*** Given data Section Begins ***

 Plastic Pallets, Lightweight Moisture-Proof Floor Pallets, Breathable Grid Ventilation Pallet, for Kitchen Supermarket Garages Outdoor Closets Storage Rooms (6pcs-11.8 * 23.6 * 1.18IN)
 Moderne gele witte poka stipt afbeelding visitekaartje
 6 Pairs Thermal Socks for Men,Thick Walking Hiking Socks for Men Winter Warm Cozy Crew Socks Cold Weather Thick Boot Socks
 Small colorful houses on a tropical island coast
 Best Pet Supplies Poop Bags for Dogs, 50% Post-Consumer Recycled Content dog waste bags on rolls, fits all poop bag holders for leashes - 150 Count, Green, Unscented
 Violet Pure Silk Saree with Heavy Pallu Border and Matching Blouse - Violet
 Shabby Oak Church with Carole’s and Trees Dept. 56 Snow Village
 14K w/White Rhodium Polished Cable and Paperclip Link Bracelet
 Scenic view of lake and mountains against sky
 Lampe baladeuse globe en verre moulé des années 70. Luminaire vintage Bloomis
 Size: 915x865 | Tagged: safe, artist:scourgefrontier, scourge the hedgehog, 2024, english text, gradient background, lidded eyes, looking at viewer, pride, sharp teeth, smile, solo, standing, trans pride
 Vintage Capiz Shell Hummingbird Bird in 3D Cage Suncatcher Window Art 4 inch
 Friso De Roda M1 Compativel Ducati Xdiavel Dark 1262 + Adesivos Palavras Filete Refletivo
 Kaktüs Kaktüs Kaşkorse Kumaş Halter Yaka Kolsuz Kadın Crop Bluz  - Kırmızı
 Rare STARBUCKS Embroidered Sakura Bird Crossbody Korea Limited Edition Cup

*** Given data Section Ends ***

Directions:
Look above for the line with "Violet Pure Silk" and the line with "Scenic view of". Retype those two lines and every line between them exactly, adding nothing.

Answer to the exercise:
 Violet Pure Silk Saree with Heavy Pallu Border and Matching Blouse - Violet
 Shabby Oak Church with Carole’s and Trees Dept. 56 Snow Village
 14K w/White Rhodium Polished Cable and Paperclip Link Bracelet
 Scenic view of lake and mountains against sky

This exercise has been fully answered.